Automating Serialization?

B

Brian

Recently on the Boost Users list someone started a thread with the
title "Automating Serialization?". I was thinking about copying the
thread over here and then someone in the thread got a little defensive
about things so I decided to discuss it here. I'll use a line of
dashes to
separate the posts from each other. In the middle of the dashes
I'll describe how that post relates to the others.

------------------------------------------ OP
-------------------------------------------

Hi,

By design Boost Serialization requires the user to list each field
that
needs to be serialised.

This is in contrast, for example, with Java and some other languages
where serialisation is supported (kind of) at the language level.

The current approach requires some code duplication. We have to
declare a field. We have to manually (de)serialise it. If we need to
make a change, we make it in at least two distinct places.

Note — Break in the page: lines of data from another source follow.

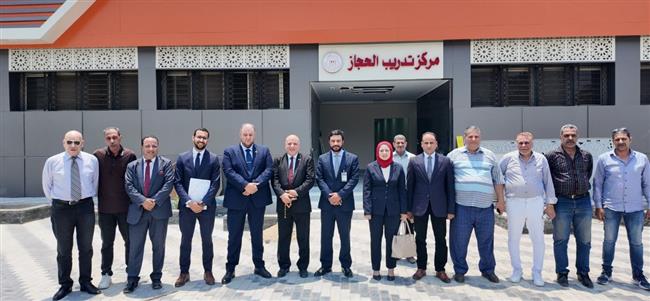 وفد من الملحقية العمالية السعودية يزور "مركز تدريب مهني " الحجاز" 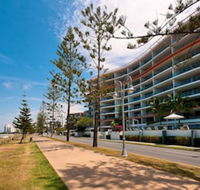 Silvershore Apartments on the Broadwater - Hotel Accommodation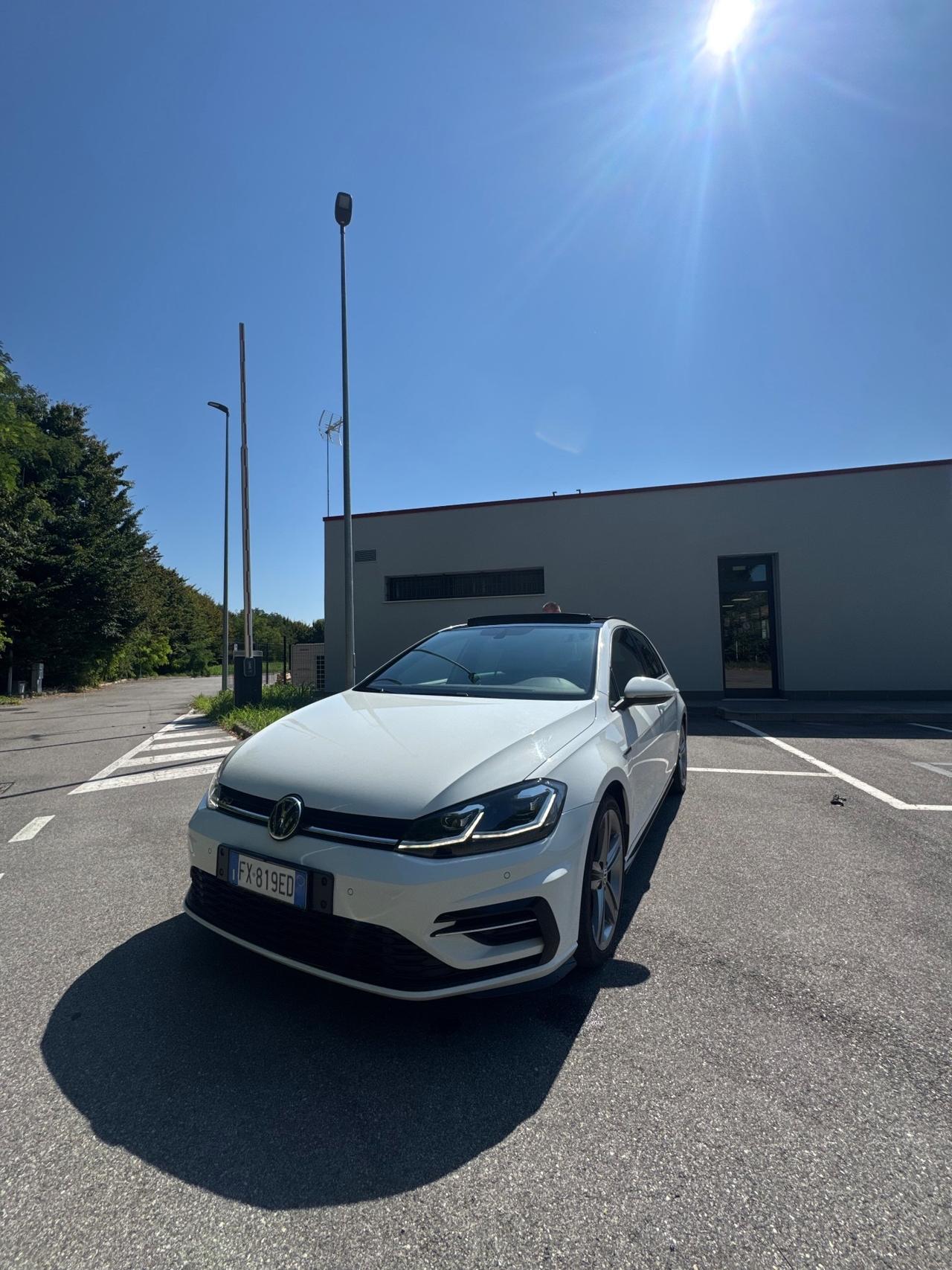 Volkswagen Golf 2.0 TDI 5p. R-Line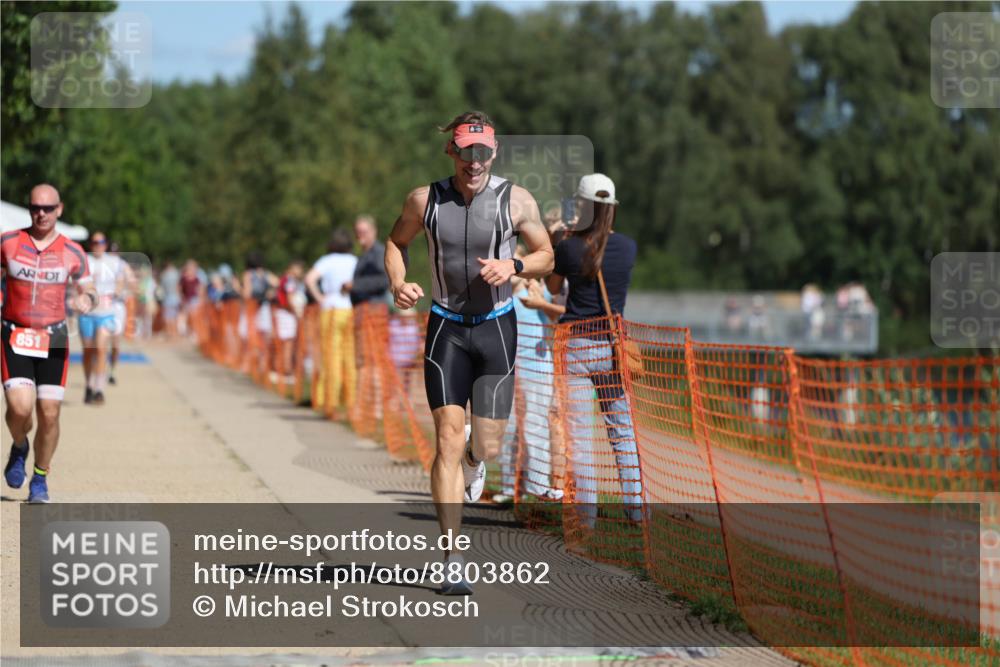 07.09.2025 - 19. Norderstedt Triathlon Michael Strokosch http://msf.ph/oto/8803862 07.09.2025 12:35:31 Laufen 151, 845, 851 meine-sportfotos.de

Is there any way to automate the process of serialisation, perhaps
harnessing the power of the preprocessor? E.g. we could label the
fields that need to be serialised. Is there anything in Boost that
could help?

Many thanks,
Paul

Paul Bilokon, Vice President
Citigroup | FX - Options Trading | Quants
33 Canada Square | Canary Wharf | Floor 3
London, E14 5LB
Phone: +44 20 798-62191

---------------------------------------- first reply to OP
-----------------------------------


The C++ Middleware Writer doesn't have that problem --
http://webEbenezer.net/comparison.html . (There's a performance
section
on that page using Boost 1.38. We're in the process of updating that
page
using Boost 1.41 and hope to have those results on line in the next
two
weeks.)


---------------------------------- second reply to OP
---------------------------

Stefan Strasser <[email protected]>
To: (e-mail address removed)
[...]

not that I'm aware of, but I even think that's a good thing.
the serialize() function represents a file format, and you want file
formats
to be stable and not being changed because someone added a runtime
field to a
class.
usually when you do want to add a serialized field you'd also want old
versions of the file still to be readable, so you end up writing
custom
(versioned) deserialization code anyway, even if your language has
built-in
serialization support.

you could use some compile time code generator to write default
serialization
code for you, using e.g. OpenC++, GCC-XML, or Doxygen, but I doubt
those
generated functions would stay there very long.


--------------------------------------- third reply to OP
------------------------------------

Hi,

By design Boost Serialization requires the user to list each field that
needs to be serialised.

This is in contrast, for example, with Java and some other languages where
serialisation is supported (kind of) at the language level.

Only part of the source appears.